Erica argued the legislation mirrors elements of Prop D, which San Francisco voters rejected. She specifically criticized the Arts Commission restructuring for removing budgetary approval powers and the authority to hire and fire department heads, and for converting fixed terms to at-will service. She pointed to the struggling arts ecosystem — citing closures of the SF Art Institute and California College of the Arts, and SFUSD's consideration of cutting full-time arts education — as reasons to preserve the commission's independence.

Rachel Jones, who identified herself as the Youth Justice Director, challenged the task force's composition and outreach. She criticized the members as "like minded in ideology" and argued that grassroots advocates doing "micro and macro work" were being silenced. She warned that policies, oversight measures and community transparency safeguards fought for over many years were being overlooked.

Neither comment prompted discussion or changes to the legislation before the vote.


Minor Items

  • Minutes approved: Feb. 11, 2026, meeting minutes adopted 4-0 without discussion (Hayward absent).

  • Meeting schedule reduced: Task force adopted amended rules of order shifting from twice-monthly meetings to every four months beginning June 2026, with special meetings as needed. Adopted 4-0 (Hayward absent).

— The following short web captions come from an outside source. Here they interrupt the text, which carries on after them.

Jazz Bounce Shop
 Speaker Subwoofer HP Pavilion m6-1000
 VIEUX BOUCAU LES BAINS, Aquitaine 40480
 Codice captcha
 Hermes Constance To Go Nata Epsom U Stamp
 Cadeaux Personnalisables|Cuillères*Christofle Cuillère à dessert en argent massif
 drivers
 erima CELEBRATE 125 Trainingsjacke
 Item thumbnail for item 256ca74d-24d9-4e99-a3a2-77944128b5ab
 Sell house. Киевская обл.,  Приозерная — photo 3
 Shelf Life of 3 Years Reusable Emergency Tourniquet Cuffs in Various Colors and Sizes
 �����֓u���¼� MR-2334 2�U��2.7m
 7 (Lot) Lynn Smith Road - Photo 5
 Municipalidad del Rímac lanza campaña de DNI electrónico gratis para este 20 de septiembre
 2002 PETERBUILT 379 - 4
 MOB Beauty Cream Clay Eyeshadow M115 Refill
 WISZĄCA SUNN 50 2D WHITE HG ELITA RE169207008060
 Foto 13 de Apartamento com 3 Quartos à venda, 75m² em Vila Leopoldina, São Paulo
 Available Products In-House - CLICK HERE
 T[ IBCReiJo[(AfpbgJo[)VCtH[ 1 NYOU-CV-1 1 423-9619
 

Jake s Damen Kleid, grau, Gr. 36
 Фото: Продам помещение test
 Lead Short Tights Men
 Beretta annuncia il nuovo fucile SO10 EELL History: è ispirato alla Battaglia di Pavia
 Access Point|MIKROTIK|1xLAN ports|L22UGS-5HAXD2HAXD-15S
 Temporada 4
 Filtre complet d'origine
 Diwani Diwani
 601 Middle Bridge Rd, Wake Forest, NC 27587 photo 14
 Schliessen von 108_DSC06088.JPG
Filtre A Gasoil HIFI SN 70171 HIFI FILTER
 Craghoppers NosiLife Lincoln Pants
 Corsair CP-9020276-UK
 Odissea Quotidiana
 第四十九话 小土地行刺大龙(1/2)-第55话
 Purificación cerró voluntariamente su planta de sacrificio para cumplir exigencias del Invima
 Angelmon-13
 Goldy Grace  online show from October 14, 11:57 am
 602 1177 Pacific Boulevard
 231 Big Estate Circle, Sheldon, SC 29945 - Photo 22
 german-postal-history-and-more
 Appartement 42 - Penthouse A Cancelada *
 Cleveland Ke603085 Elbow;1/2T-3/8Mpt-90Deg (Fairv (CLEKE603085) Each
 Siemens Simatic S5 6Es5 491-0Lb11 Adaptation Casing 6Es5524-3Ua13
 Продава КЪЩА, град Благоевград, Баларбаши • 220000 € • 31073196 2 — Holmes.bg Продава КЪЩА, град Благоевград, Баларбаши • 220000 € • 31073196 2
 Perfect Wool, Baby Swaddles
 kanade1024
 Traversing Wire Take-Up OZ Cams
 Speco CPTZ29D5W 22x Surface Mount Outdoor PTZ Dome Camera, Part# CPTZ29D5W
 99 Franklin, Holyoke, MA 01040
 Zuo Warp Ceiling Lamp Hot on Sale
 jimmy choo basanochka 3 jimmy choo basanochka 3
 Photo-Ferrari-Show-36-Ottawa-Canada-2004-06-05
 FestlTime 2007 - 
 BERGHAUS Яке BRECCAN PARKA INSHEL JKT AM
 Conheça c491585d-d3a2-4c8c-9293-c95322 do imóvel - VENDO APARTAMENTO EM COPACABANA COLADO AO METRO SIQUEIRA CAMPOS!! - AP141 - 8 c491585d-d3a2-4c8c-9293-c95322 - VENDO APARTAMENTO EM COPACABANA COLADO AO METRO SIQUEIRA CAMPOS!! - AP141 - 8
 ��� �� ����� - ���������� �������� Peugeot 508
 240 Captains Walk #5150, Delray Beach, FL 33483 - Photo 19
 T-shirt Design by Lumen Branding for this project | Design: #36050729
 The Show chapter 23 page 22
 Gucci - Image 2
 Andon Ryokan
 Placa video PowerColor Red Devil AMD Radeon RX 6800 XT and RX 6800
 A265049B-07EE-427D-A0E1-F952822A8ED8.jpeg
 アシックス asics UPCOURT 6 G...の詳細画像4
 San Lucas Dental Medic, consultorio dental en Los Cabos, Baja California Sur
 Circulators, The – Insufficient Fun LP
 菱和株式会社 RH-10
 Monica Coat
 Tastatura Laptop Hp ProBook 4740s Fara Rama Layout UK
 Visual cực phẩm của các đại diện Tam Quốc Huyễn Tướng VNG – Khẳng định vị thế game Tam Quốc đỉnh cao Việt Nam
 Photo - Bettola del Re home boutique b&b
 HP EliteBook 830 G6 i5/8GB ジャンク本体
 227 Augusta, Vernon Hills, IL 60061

  • Possible July reconvening: Staff member Rachel noted the task force may need to meet again around July after learning the Board's disposition on the charter amendment, since code changes may depend on what the Board alters in the charter. "There are some things to change in code that are dependent on what changes in charter, and we don't know what will be changing in the charter," she said.

  • Chair's closing remarks: Chair Harrington thanked staff and members for the year-long effort, acknowledging the extensive outreach and discussions that shaped the final product.